- TASK GOAL -
Restate, exactly as written, the entries below from the line that holds "Classy, Neat 2" through the line that holds "Scania R 460 A4x2LA tractor unit". Pictures are not part of the copy.

- INPUT FOR THIS TASK -
┄┄┄┄┄┄┄┄┄┄┄┄┄┄┄┄┄┄┄┄
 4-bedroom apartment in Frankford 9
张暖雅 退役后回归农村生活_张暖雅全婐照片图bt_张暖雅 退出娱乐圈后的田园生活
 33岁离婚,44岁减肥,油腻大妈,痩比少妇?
┄┄┄┄┄┄┄┄┄┄┄┄┄┄┄┄┄┄┄┄
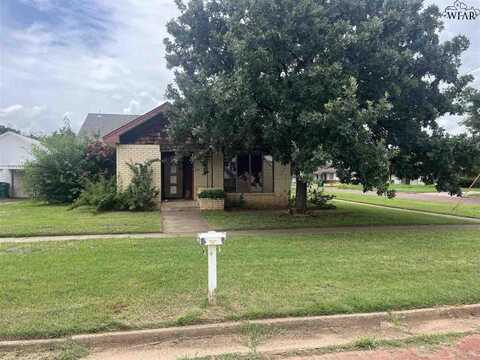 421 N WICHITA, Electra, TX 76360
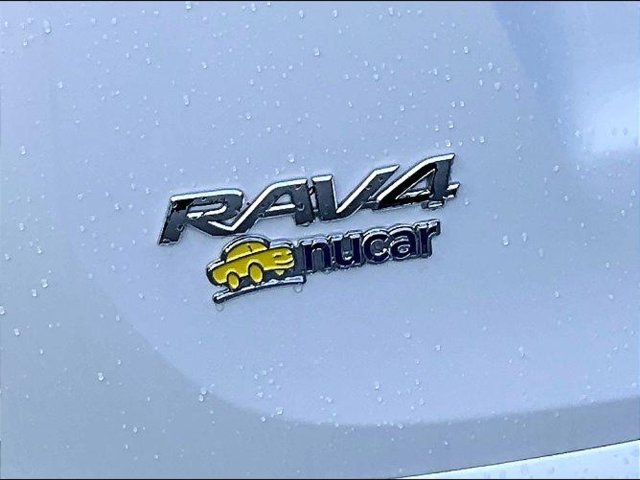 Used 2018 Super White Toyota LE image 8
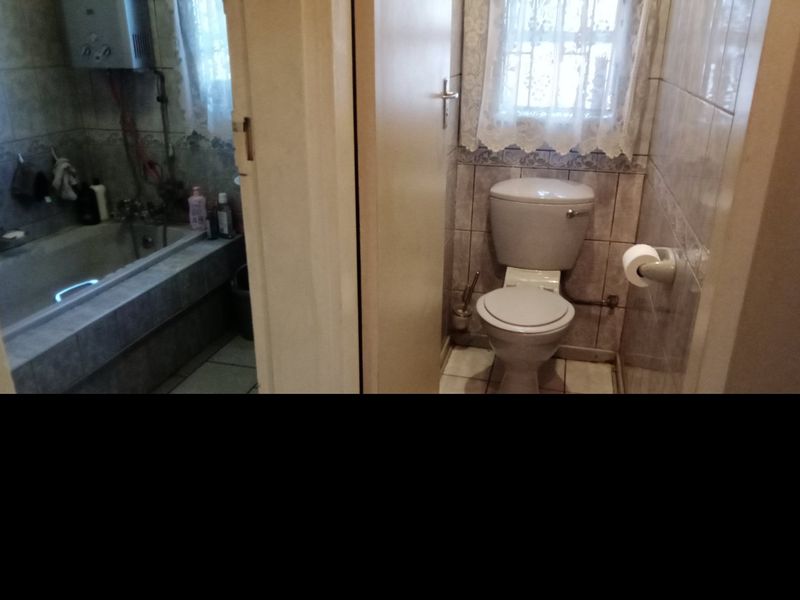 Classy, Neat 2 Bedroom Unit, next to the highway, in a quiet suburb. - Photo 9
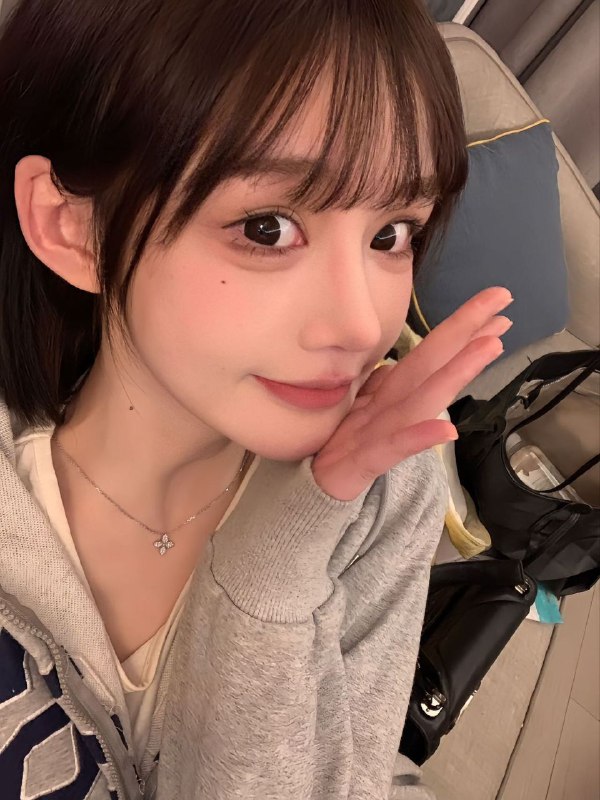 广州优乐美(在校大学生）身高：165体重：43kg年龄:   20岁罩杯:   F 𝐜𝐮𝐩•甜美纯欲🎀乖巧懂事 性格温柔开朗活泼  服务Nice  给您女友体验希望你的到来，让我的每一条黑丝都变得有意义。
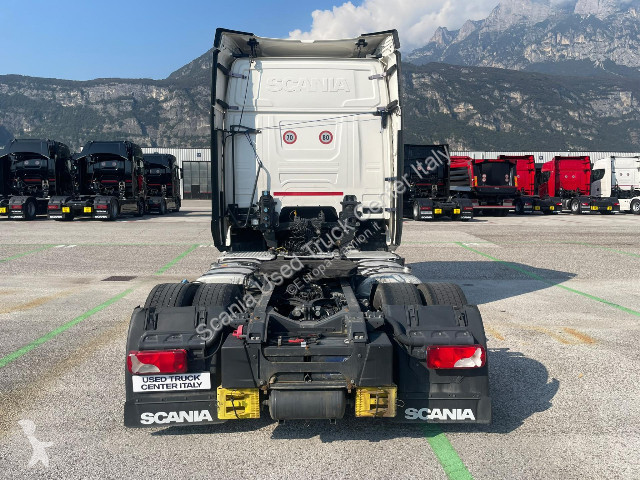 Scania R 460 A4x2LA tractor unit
┄┄┄┄┄┄┄┄┄┄┄┄┄┄┄┄┄┄┄┄
- SOLUTION FOR THIS PROBLEM -
 Classy, Neat 2 Bedroom Unit, next to the highway, in a quiet suburb. - Photo 9
 广州优乐美(在校大学生）身高：165体重：43kg年龄:   20岁罩杯:   F 𝐜𝐮𝐩•甜美纯欲🎀乖巧懂事 性格温柔开朗活泼  服务Nice  给您女友体验希望你的到来，让我的每一条黑丝都变得有意义。
 Scania R 460 A4x2LA tractor unit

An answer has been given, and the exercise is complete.